With a desire to work hard and extract the best out of themselves – while also valuing a good joke on pool deck – the duo share the same qualities and principles needed to create a successful coach and athlete relationship.
“Nathan is a little bit different to any of the other coaches I have had in the past,” Cochrane explained.
“He brings a different dynamic to the equation because there’s the opportunity to have a bit of a laugh and have a bit of fun.
“I think Nathan and I work really well together because when it does come to competition we focus in and we know that we’ve done the work.”
As a dual Paralympic gold medallist, the Dolphin leader is fully aware of what it takes to succeed, with his extensive and decorated career representing Australia also including podium finishes at the World Para Swimming Championships, the Para Pan Pacs and the Commonwealth Games.
With a career spanning 13 years, Cochrane has adapted to changes and challenges that have been thrown his way, which Doyle believes has made him stronger as an athlete.
“Blake really hasn’t taken his foot off the podium since he came onto the scene in 2008, and he’s swum faster than he’s swum in a long time,” Doyle said.
“To still be able to push himself whilst having all of these other tasks and responsibilities outside of the pool is a really proud moment.”
One of these new responsibilities is caring for his son, Eli, who was born in November 2019.
“For me, being a dad and wanting to spend time with the family and working around that has been very important to me, and Nathan has been very accommodating of that process as well,” Cochrane said.
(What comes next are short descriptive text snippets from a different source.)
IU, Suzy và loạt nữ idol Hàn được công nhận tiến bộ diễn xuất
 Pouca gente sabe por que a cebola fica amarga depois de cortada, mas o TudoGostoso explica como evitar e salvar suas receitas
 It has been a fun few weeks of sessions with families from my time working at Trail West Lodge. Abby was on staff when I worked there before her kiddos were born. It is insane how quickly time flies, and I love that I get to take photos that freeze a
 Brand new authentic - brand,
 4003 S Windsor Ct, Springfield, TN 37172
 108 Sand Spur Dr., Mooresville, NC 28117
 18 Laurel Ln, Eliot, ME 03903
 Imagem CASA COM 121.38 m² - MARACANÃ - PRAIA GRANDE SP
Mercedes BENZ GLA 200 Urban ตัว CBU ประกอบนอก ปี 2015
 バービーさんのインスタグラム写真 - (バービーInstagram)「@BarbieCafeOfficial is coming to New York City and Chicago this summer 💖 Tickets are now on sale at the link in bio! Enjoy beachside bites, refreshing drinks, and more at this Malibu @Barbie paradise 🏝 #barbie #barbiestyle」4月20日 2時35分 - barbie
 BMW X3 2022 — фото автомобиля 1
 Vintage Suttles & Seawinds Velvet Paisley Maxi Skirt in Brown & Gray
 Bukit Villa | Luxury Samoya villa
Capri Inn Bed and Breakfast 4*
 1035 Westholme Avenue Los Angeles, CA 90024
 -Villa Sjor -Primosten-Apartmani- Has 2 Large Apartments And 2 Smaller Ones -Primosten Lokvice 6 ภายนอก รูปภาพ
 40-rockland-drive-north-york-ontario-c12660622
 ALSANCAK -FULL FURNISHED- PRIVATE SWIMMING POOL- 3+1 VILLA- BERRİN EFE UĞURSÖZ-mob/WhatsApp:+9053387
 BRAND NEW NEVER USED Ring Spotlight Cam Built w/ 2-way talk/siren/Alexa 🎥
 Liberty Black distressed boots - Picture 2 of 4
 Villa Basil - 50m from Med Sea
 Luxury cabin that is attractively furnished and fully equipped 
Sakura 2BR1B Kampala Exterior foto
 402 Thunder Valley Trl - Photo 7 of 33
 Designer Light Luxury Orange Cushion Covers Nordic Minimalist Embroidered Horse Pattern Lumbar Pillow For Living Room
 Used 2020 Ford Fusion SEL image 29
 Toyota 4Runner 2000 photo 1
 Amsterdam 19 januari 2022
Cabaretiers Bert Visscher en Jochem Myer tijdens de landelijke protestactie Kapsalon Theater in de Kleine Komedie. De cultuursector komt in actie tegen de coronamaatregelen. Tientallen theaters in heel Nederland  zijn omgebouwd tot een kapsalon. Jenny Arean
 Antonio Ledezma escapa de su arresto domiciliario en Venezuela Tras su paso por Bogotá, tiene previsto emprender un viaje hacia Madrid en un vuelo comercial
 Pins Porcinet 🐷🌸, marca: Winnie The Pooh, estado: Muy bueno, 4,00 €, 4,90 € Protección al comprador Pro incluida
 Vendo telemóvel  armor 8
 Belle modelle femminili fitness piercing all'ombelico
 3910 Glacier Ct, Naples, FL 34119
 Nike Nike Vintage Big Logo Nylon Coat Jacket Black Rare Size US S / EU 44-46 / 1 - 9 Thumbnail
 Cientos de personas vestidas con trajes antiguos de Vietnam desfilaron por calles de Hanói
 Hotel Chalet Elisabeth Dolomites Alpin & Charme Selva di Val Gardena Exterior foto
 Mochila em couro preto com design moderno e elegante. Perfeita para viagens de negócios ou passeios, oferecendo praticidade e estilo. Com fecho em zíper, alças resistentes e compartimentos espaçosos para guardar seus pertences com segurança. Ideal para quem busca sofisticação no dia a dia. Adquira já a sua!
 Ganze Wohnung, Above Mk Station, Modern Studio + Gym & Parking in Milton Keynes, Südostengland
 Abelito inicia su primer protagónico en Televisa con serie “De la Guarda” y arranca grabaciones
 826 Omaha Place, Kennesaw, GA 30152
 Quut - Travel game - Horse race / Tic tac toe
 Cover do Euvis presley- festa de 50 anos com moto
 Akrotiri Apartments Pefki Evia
Exchanging dad stories – as well as dad jokes – is a new layer they’ve added to their relationship, with Doyle also recently becoming father to daughter Matilda in December.
“Blake has been one year into fatherhood and me, about one month, so it’s role reversal and I feel like install my wisdom of swimming to Blake, and Blake is now installing his wisdom of parenting onto me,” Doyle laughed.
Heading into the twilight of his career, Cochrane has decided this year’s Games will be his last, with the duo training hard to make sure the 30-year-old can give it everything he’s got.
“Tokyo 2021 will be my last Paralympics Games, whether I go on after that, I haven’t quite decided to close that door just yet – sorry Nathan,” he chuckled.
“My attention now will be focussing on what we can make better, and then just be able to rock up, stand behind the blocks and know that we’ve done everything that we possibly can to be that perfect athlete.”
With his athlete and friend on the cusp of retirement, Doyle said Cochrane will leave an outstanding legacy and his departure will be one of mixed emotions.
“To see one retire and move on with their career is a proud moment in one sense, but then on the other side, we’re going to lose an athlete who’s contributed not only from a performance standpoint but also helped shaped the team into what it is today.
“For Blake to become a dad, graduate from University – achieve all of these milestones in life – and still be able to be arguably one of the greatest Paralympians the Australian team has seen is a really proud moment as a coach.
“To be able to share in those moments for me is really, really special and to be able to be associated with a legend of the Paralympic team is a really proud moment.”